→ **Task to carry out**: Restate word for word the entries below, starting with the line with "HealthA2Z® Ibuprofen 200mg" and continuing through the line with "The Ultimate Baked". Include both of those lines and no others.

→ **Listed records**:

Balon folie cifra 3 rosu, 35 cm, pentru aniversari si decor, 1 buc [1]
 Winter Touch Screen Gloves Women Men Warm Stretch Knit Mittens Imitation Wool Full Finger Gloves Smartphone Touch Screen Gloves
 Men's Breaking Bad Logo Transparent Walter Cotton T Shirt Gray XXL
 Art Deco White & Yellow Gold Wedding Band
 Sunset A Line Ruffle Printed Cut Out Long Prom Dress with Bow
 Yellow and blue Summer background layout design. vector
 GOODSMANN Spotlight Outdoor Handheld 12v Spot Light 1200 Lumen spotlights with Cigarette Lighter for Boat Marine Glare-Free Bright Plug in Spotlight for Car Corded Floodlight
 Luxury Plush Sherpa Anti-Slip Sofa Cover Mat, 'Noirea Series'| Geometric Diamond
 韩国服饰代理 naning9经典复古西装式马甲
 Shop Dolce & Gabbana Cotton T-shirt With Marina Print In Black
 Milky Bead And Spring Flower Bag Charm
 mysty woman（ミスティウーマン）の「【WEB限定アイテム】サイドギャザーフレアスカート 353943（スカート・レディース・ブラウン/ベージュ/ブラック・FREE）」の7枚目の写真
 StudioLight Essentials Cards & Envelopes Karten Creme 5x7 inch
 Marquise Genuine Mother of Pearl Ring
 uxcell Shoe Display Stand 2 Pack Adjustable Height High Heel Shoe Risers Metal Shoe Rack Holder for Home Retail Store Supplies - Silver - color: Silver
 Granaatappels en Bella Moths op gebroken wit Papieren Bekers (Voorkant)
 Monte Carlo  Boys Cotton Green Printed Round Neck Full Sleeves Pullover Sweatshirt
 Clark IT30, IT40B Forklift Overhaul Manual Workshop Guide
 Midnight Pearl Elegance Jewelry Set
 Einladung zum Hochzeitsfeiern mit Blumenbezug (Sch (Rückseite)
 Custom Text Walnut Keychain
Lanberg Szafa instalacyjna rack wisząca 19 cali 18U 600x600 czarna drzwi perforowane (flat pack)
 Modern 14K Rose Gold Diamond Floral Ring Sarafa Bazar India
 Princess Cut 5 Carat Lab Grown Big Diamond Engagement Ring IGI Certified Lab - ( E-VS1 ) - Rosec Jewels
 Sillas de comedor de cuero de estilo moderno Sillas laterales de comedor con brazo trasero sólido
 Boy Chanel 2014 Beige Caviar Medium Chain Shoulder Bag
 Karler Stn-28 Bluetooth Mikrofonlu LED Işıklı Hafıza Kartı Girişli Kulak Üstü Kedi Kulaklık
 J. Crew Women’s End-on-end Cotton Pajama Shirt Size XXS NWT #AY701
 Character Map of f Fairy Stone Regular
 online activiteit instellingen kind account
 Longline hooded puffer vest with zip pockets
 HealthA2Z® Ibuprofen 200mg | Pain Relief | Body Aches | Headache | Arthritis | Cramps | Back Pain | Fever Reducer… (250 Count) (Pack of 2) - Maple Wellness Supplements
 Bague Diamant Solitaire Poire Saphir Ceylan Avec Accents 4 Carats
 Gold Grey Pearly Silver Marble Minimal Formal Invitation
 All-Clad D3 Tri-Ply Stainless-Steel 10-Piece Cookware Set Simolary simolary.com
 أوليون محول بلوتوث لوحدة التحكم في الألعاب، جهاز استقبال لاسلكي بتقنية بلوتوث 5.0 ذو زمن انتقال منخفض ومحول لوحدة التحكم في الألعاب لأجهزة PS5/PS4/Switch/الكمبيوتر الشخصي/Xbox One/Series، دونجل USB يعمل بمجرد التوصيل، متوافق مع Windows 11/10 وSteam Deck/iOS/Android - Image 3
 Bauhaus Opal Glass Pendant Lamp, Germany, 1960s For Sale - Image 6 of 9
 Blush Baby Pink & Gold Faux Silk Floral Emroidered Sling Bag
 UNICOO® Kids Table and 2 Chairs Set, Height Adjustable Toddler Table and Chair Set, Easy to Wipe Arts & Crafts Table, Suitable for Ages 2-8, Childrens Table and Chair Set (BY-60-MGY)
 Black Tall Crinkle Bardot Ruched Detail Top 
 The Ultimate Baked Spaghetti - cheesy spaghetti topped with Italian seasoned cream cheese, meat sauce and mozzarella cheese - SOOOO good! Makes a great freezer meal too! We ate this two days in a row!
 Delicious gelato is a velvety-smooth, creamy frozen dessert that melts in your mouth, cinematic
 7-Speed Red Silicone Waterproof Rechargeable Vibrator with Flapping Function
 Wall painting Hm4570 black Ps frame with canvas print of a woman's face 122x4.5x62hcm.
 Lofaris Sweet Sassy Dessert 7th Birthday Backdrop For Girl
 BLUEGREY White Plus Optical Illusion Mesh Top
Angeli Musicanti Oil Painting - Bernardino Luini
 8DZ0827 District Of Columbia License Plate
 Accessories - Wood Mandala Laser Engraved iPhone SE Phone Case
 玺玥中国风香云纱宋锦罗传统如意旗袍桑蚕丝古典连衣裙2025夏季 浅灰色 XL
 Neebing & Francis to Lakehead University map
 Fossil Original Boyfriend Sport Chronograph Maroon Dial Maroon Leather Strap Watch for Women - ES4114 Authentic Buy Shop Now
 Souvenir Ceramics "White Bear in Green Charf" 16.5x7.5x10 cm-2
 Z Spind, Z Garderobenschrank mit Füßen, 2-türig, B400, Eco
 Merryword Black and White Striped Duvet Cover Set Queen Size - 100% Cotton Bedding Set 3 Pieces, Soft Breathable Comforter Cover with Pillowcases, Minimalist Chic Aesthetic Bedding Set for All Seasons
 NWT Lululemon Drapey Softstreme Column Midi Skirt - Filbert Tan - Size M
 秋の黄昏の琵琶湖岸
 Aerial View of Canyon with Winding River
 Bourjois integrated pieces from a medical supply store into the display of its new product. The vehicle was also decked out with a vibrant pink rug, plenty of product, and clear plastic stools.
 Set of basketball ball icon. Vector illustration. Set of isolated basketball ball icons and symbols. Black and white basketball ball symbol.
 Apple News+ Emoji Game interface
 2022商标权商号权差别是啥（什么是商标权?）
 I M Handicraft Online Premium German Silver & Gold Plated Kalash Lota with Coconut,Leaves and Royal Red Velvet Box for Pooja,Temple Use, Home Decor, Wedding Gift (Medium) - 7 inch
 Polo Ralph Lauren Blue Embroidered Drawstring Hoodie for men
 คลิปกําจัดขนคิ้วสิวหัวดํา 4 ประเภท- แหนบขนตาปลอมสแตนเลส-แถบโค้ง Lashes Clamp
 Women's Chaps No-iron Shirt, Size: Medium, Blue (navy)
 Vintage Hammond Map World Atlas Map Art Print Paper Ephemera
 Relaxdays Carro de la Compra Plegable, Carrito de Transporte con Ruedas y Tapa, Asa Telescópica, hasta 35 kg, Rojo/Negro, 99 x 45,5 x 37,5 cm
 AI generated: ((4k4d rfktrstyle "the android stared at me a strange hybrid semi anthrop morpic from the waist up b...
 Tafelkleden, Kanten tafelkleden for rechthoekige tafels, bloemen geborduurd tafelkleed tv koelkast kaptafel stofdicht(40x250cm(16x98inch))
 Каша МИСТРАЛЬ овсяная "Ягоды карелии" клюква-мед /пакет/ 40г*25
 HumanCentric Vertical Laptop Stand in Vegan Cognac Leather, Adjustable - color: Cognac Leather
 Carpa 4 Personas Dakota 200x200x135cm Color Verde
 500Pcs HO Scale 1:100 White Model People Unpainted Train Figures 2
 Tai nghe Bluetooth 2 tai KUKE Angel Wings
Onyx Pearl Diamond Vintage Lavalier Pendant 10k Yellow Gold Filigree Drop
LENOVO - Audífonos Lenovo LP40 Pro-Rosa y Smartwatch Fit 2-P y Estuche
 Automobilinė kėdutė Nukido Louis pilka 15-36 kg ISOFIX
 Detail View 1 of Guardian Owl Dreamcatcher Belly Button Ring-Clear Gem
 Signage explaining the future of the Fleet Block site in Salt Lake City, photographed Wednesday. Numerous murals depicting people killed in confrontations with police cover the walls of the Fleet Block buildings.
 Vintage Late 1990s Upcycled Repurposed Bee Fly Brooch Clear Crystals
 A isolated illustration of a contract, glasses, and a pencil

→ **Response area**:
 HealthA2Z® Ibuprofen 200mg | Pain Relief | Body Aches | Headache | Arthritis | Cramps | Back Pain | Fever Reducer… (250 Count) (Pack of 2) - Maple Wellness Supplements
 Bague Diamant Solitaire Poire Saphir Ceylan Avec Accents 4 Carats
 Gold Grey Pearly Silver Marble Minimal Formal Invitation
 All-Clad D3 Tri-Ply Stainless-Steel 10-Piece Cookware Set Simolary simolary.com
 أوليون محول بلوتوث لوحدة التحكم في الألعاب، جهاز استقبال لاسلكي بتقنية بلوتوث 5.0 ذو زمن انتقال منخفض ومحول لوحدة التحكم في الألعاب لأجهزة PS5/PS4/Switch/الكمبيوتر الشخصي/Xbox One/Series، دونجل USB يعمل بمجرد التوصيل، متوافق مع Windows 11/10 وSteam Deck/iOS/Android - Image 3
 Bauhaus Opal Glass Pendant Lamp, Germany, 1960s For Sale - Image 6 of 9
 Blush Baby Pink & Gold Faux Silk Floral Emroidered Sling Bag
 UNICOO® Kids Table and 2 Chairs Set, Height Adjustable Toddler Table and Chair Set, Easy to Wipe Arts & Crafts Table, Suitable for Ages 2-8, Childrens Table and Chair Set (BY-60-MGY)
 Black Tall Crinkle Bardot Ruched Detail Top 
 The Ultimate Baked Spaghetti - cheesy spaghetti topped with Italian seasoned cream cheese, meat sauce and mozzarella cheese - SOOOO good! Makes a great freezer meal too! We ate this two days in a row!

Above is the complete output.